There’s a report in the Guardian that the Liberal Democrats are willing to consider scrapping the 50p tax rate in exchange for a mansion tax. I’ve written before about why the 50p tax rate should remain and why I don’t believe it has any impact on investment and entrepreneurship. I’ve also had a bit of an issue about taxing wealth. To a certain extent this is money that has already been taxed. I will admit, however, that if wealth is accumulating then some form of wealth tax may be necessary to maintain public spending. My main issue is that I don’t see how they can sensibly implement a mansion tax.
What they seem to be proposing is a 1% or 2% tax on houses with values above £1 million or £2 million. Straight away it seems that this will be another example of what seems to be known as “cliff edge”. If they implement the tax at £2 million and your house is worth £1999999 you pay nothing, but someone with a house worth £1 more could pay £20000 a year. These type of boundaries always seem nonsensical to me. Furthermore, do you pay the tax if your house is worth more than £2 million or if your equity in the house is more than £2 million. If its the former, then someone who has just bought a house worth £2 million by putting down a £200000 deposit and borrowing the rest will be effectively taxed at 10% of their realisable wealth. If the latter, then anyone with a house worth less than about £3 million would never let their equity rise above £2 million. They would be better off borrowing £1 million against their house at a rate of 4 % and putting this in a savings account than paying 2 % tax on the value of their house.

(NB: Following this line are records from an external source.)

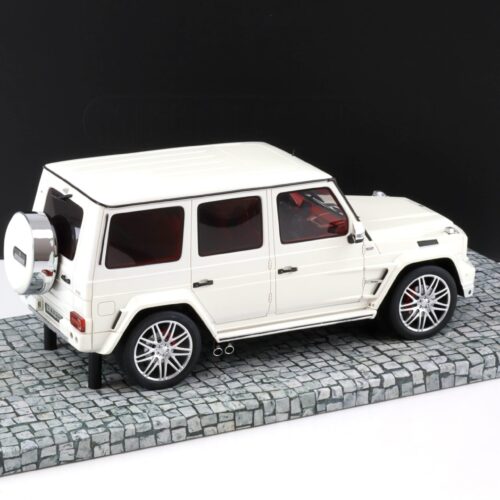 1:18 Minichamps Mercedes Brabus B63 620 Widestar pearl white - Limited 100 pcs.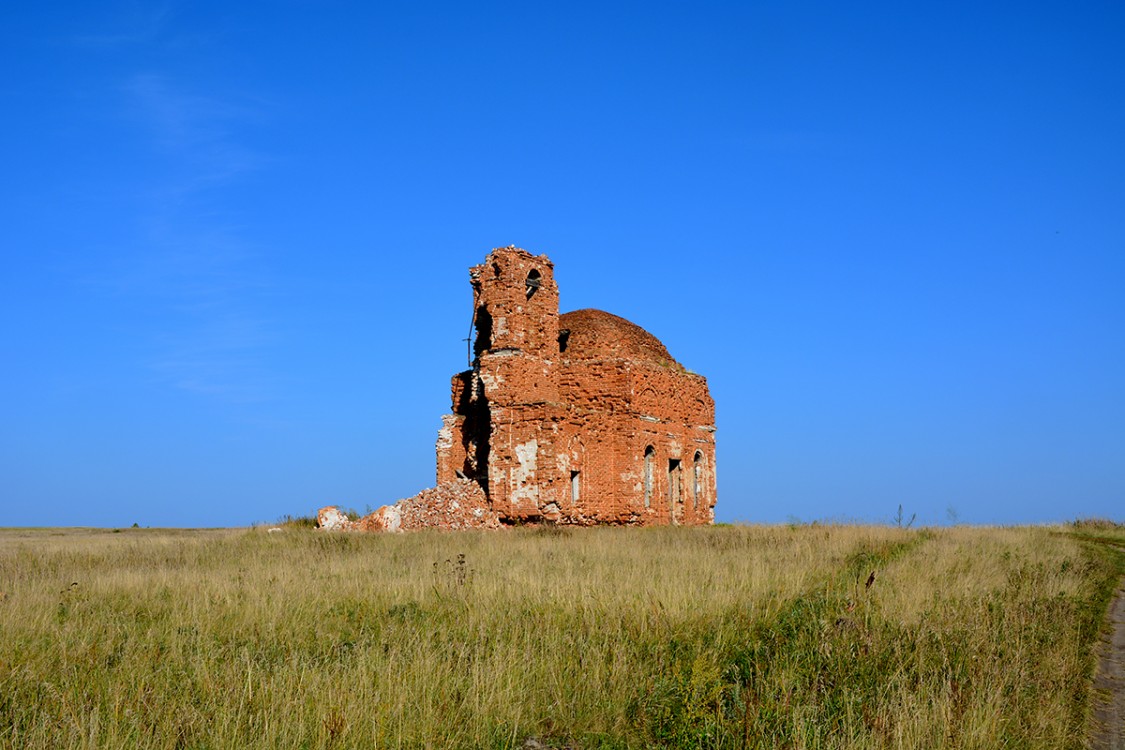 Церковь Казанской иконы Божией Матери, Красный Яр (Шумихинский район, Курганская область). общий вид в ландшафте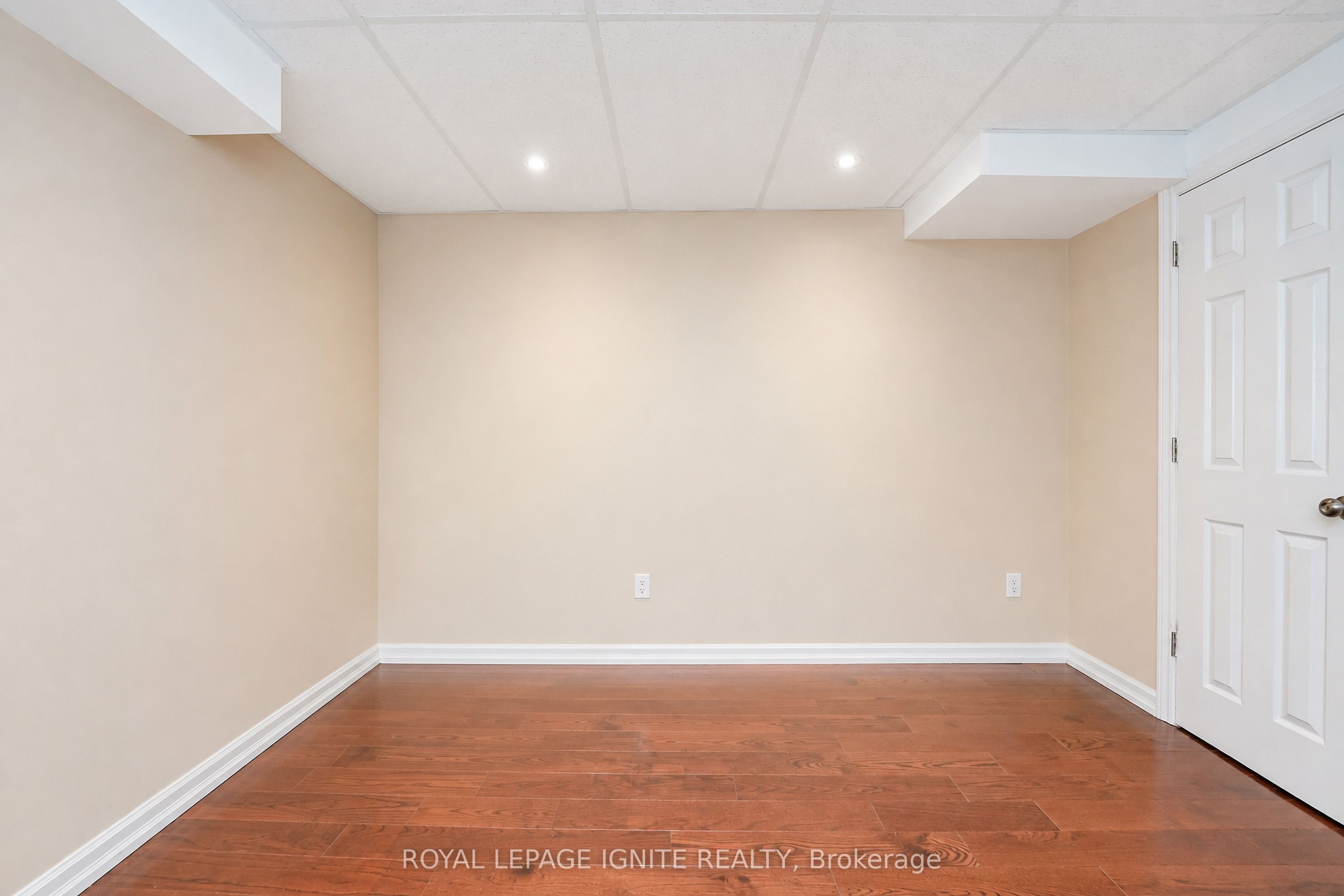 21 Halfmoon Square Property Photo 22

What would make more sense to me is to change the council tax system so that you pay an annual council tax that is some small percentage of the value of your house. In fact, this is what was the case when I was living in the US. We paid, I think, 1% of what we paid for the house. The rate could also increase smoothly with house value. Starting at about 0.25% and rising to 2% for houses with values in excess of £2 million. The problem, I suspect, is that council tax is a local tax, while the proposed mansion tax would go to the treasury. If council tax were to change to some percentage of the house value, I suspect that it would need to be centralised and then redistributed, something that is probably politically difficult. I still think that the proposed Mansion tax is a bad idea, although some form of wealth tax may well be necessary.